Sparse Models of Lexical Variation – Jacob Eisenstein (Carnegie Mellon University)
View Seminar Video
Text analysis involves building predictive models and discovering latent structures in noisy and high-dimensional data. Document classes, latent topics, and author communities are often distinguished by a small number of trigger words or phrases — needles in a haystack of irrelevant features. In this talk, I describe generative and discriminative techniques for learning sparse models of lexical differences. First, I show how multi-task regression with structured sparsity can identify a small subset of words associated with a range of demographic attributes in social media, yielding new insights about the complex multivariate relationship between demographics and lexical choice. Second, I present SAGE, a novel approach to sparsity in generative models of text, in which we induce sparse deviations from background log probabilities. As a generative model, SAGE can be applied across a range of supervised and unsupervised applications, including classification, topic modeling, and latent variable models.

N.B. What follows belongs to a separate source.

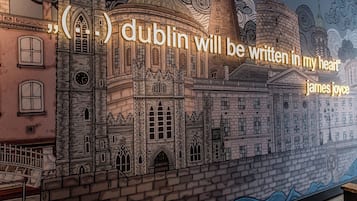 Um mural detalhado da arquitetura de Dublin com uma citação de James Joyce.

Jacob Eisenstein is a postdoctoral fellow in the Machine Learning Department at Carnegie Mellon University. His research focuses on machine learning for social media analysis, discourse, and non-verbal communication. Jacob completed his Ph.D. at MIT in 2008, winning the George M. Sprowls dissertation award. In January 2012, Jacob will join Georgia Tech as an Assistant Professor in the School of Interactive Computing.